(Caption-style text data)
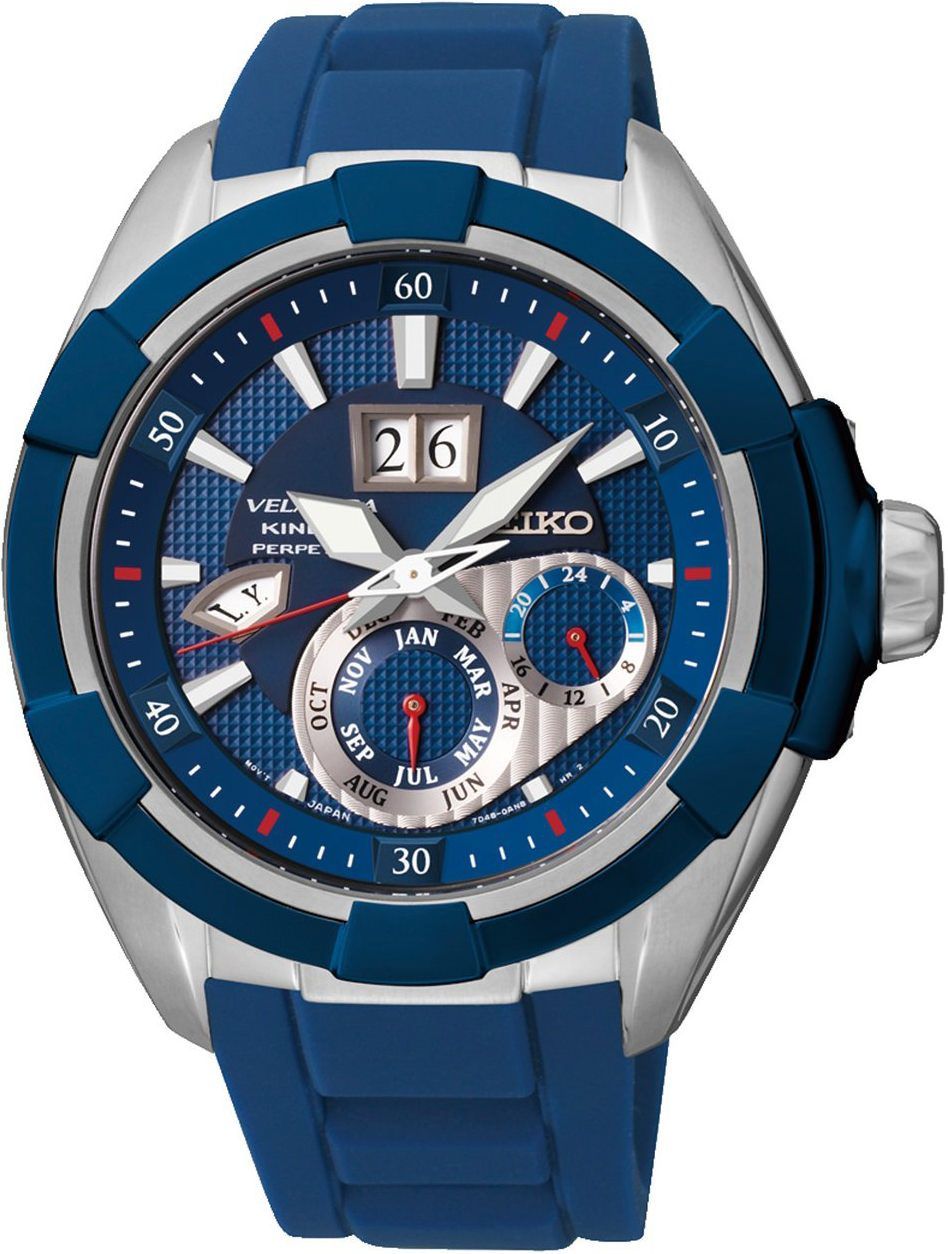 Seiko Velatura Kinetic Perpetual Blue Dial 46.3 mm Quartz Watch For Men - 1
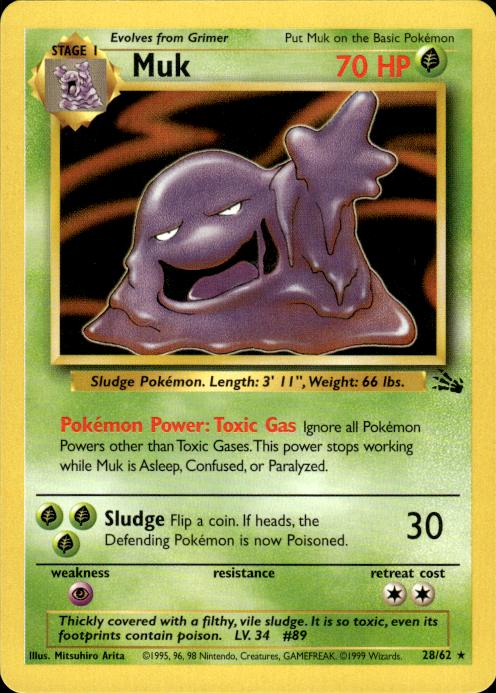 Pokemon Muk 28/62 Fossil Rare Near Mint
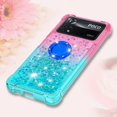 thumbnail image 6 of Slim Phone Case for Xiaomi Poco X4 Pro, Shiny Bling Quicksand Effect TPU Bumper Case with Four Corners Protection Cover for Xiaomi Poco X4 Pro, Pink Blue, 6 of 7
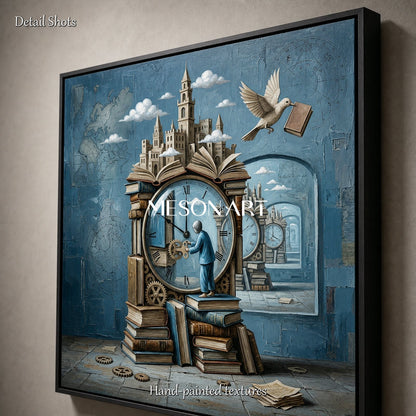 Surrealist Clock Painting With Books For Home Office And Study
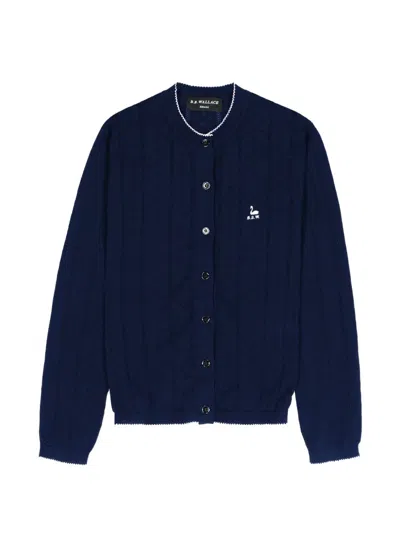 B.b. Walace Prince Embroidered Cardigan In Blue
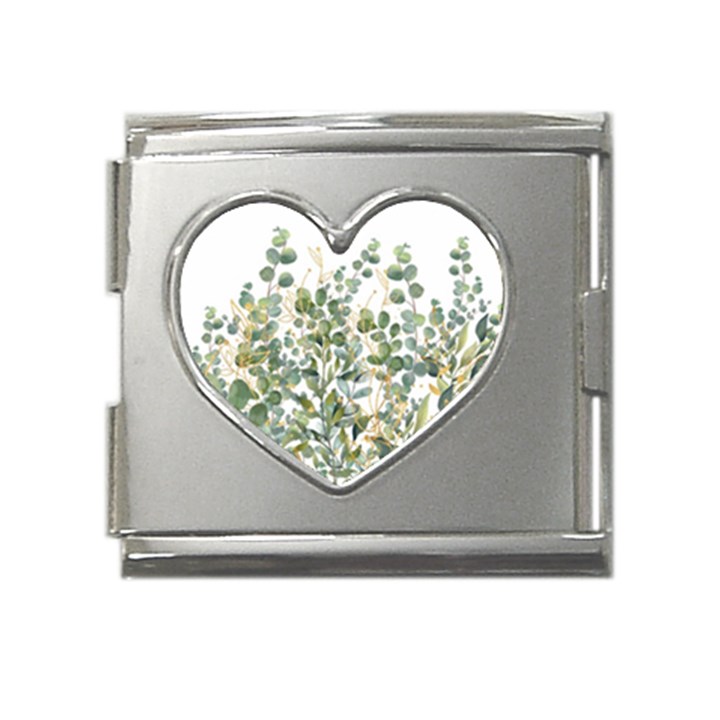 Gold And Green Eucalyptus Leaves Mega Link Heart Italian Charm (18mm)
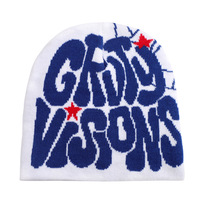 Gorros de punto jacquard personalizados al por mayor con logo de doble cara, gorros de invierno de acrílico estilo hip hop con diseño de telaraña, gorros con lazos de personajes de frutas.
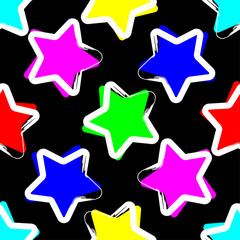 Seamless vector background with decorative stars. The stroke of the pen. Textile rapport.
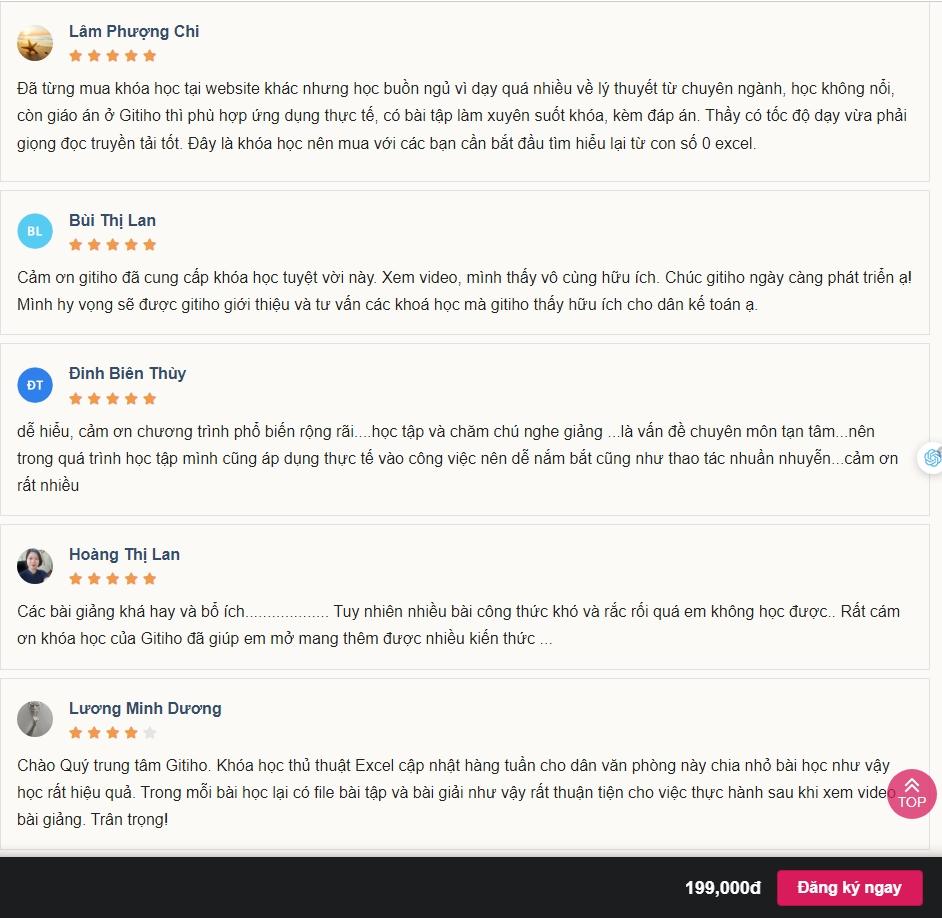 Những đánh giá của khách hàng về khóa học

### YOUR TASK
The entries need to be restated exactly, and their pictures left out.

### EXERCISE SOLUTION
 Seiko Velatura Kinetic Perpetual Blue Dial 46.3 mm Quartz Watch For Men - 1
 Pokemon Muk 28/62 Fossil Rare Near Mint
 thumbnail image 6 of Slim Phone Case for Xiaomi Poco X4 Pro, Shiny Bling Quicksand Effect TPU Bumper Case with Four Corners Protection Cover for Xiaomi Poco X4 Pro, Pink Blue, 6 of 7
 Surrealist Clock Painting With Books For Home Office And Study
 B.b. Walace Prince Embroidered Cardigan In Blue
 Gold And Green Eucalyptus Leaves Mega Link Heart Italian Charm (18mm)
 Gorros de punto jacquard personalizados al por mayor con logo de doble cara, gorros de invierno de acrílico estilo hip hop con diseño de telaraña, gorros con lazos de personajes de frutas.
 Seamless vector background with decorative stars. The stroke of the pen. Textile rapport.
 Những đánh giá của khách hàng về khóa học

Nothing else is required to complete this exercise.